**EXERCISE:**
Beginning with the line that contains "JAG Sophie Rose", retype the entries below exactly, ending with the line that contains "Purple rainbow friends coloring page". Leave out any pictures.

Image-text web data
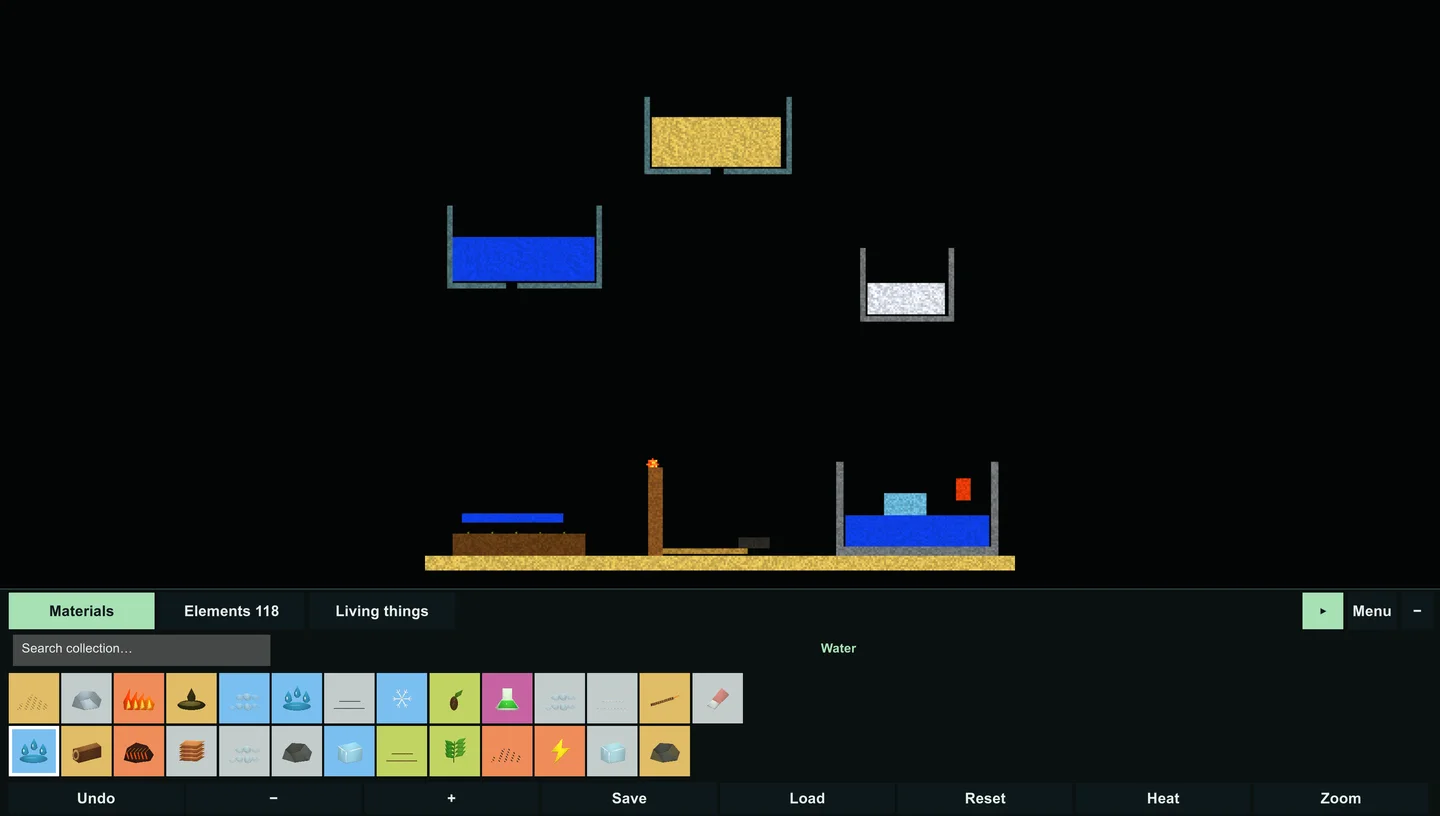 Element Lab 2D desktop development build showing sand, water and the materials drawer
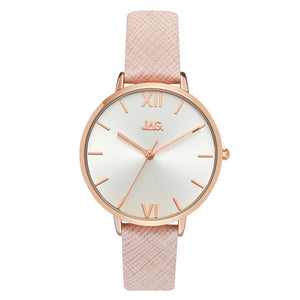 JAG Sophie Rose Gold Watch with Textured Blush Leather Strap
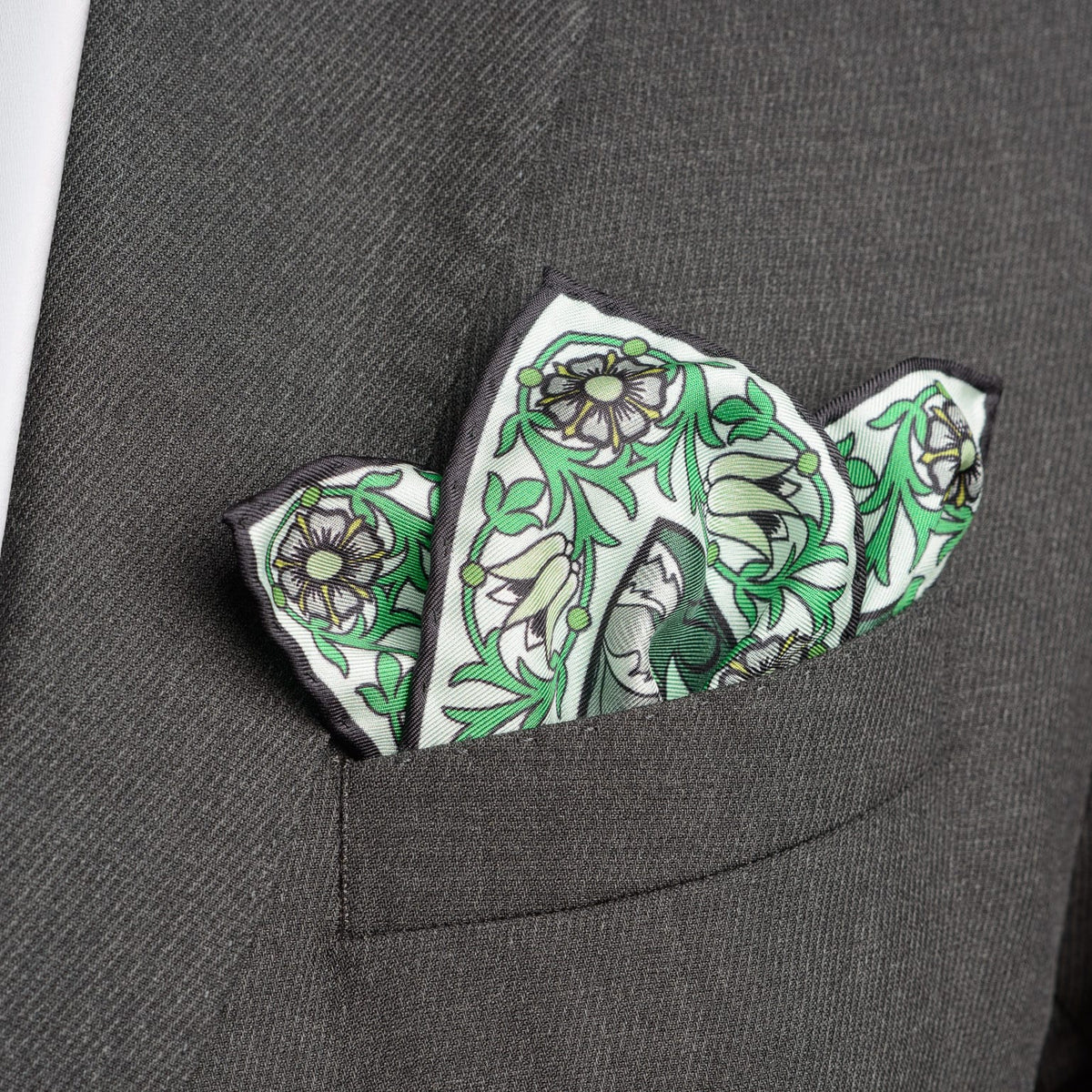 Emerald Green Silk Italian Pocket Square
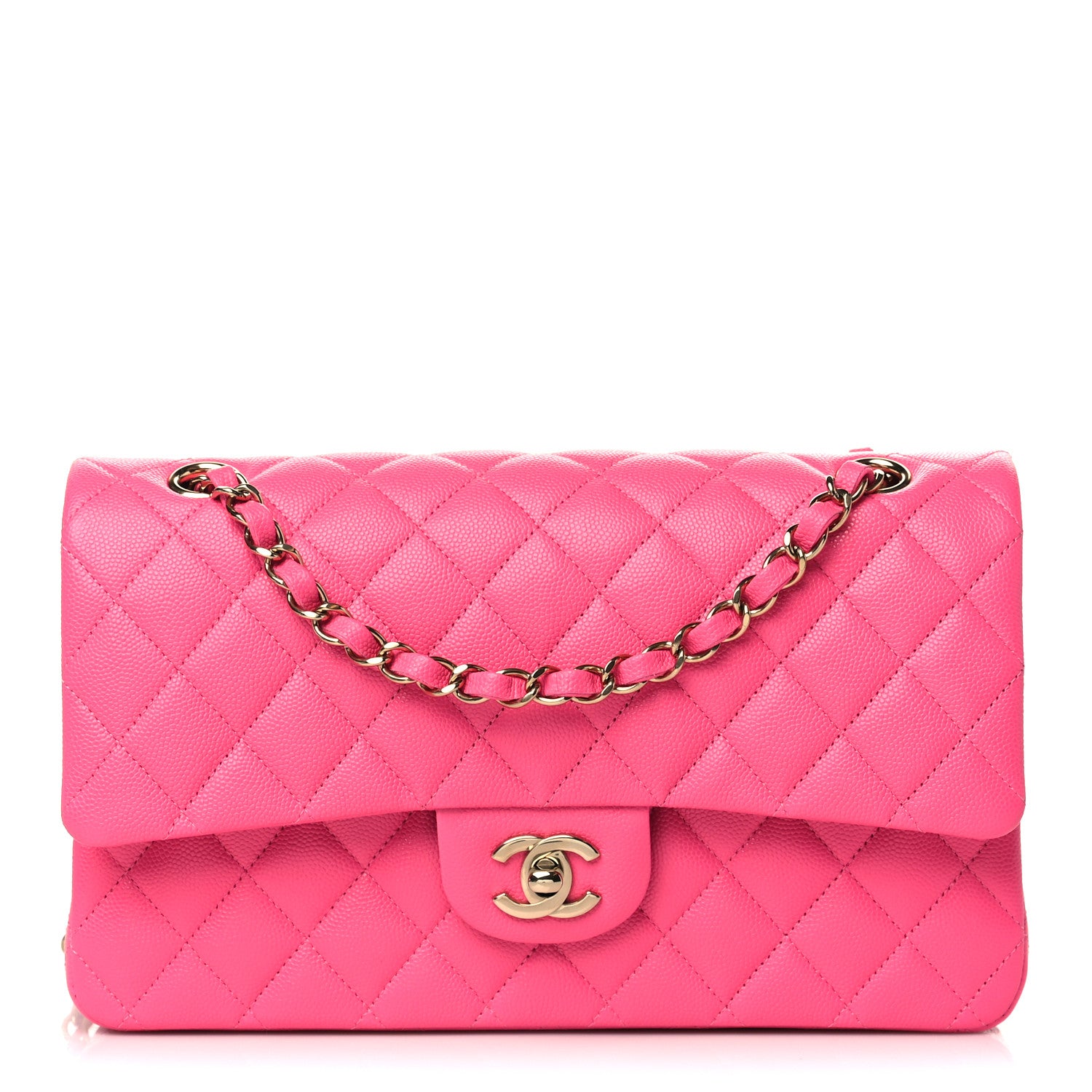 Chanel Caviar Quilted Medium Double Flap Pink 1 of 9
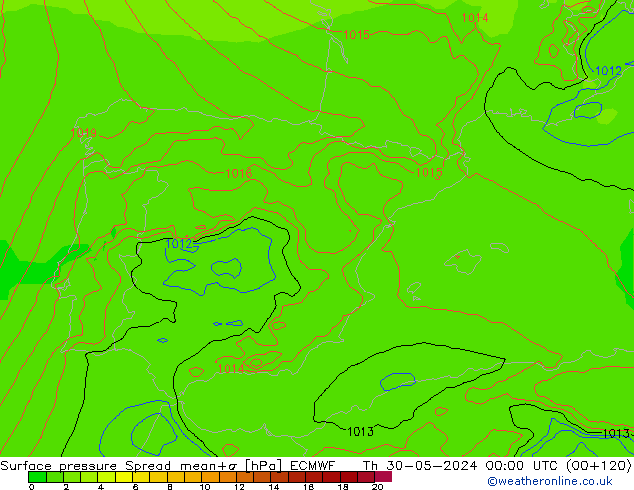 pression de l'air Spread ECMWF jeu 30.05.2024 00 UTC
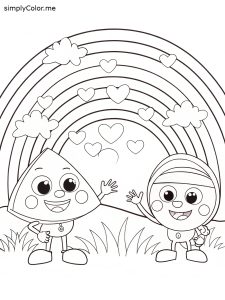 Purple rainbow friends coloring page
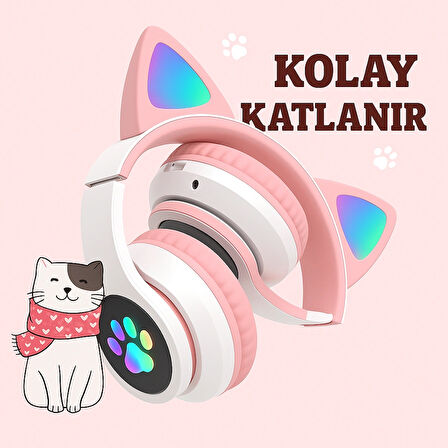 Şirin Işıklı Kedi Kulaklı Katlanabilir Bluetooth Kulaklık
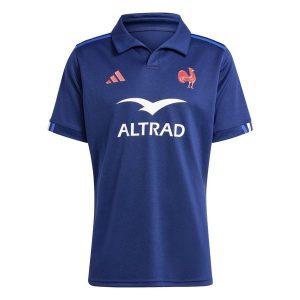 Koszulka France Rugby Home. Niebieskie bluzki ADIDAS, s, bez wzorów, z materiału, sportowe, bez kołnierzyka, bez ramiączek. W wyprzedaży za 353,50 zł.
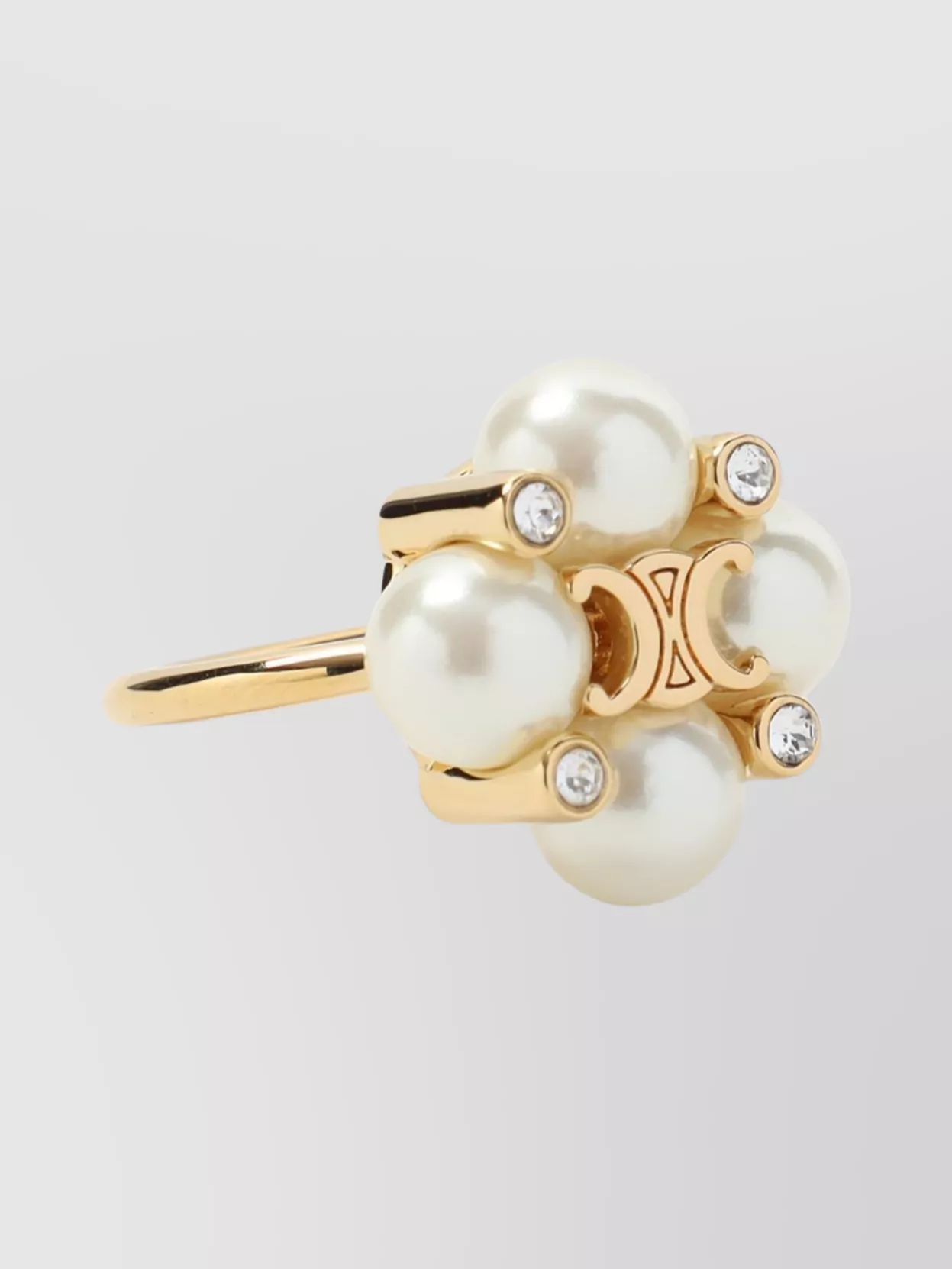 Celine Crystal And Pearl Gold Brass Ring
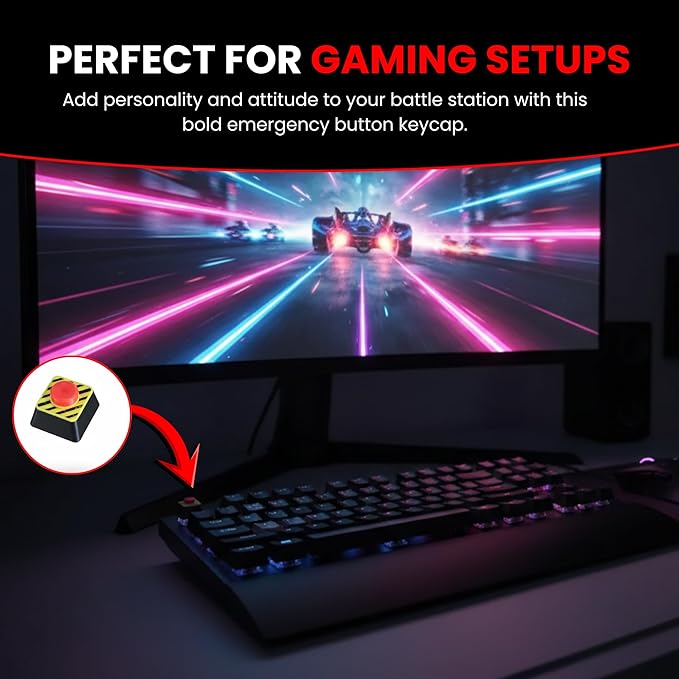 Artisan Custom ESC Keycap for MX Mechanical Keyboard - 2 Pack Emergency Red Panic Button for PC Gaming Keyboard with Hazard Stripe Design, Universal 1u Keycap fits Cherry MX Switches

**ANSWER AREA:**
 JAG Sophie Rose Gold Watch with Textured Blush Leather Strap
 Emerald Green Silk Italian Pocket Square
 Chanel Caviar Quilted Medium Double Flap Pink 1 of 9
 pression de l'air Spread ECMWF jeu 30.05.2024 00 UTC
 Purple rainbow friends coloring page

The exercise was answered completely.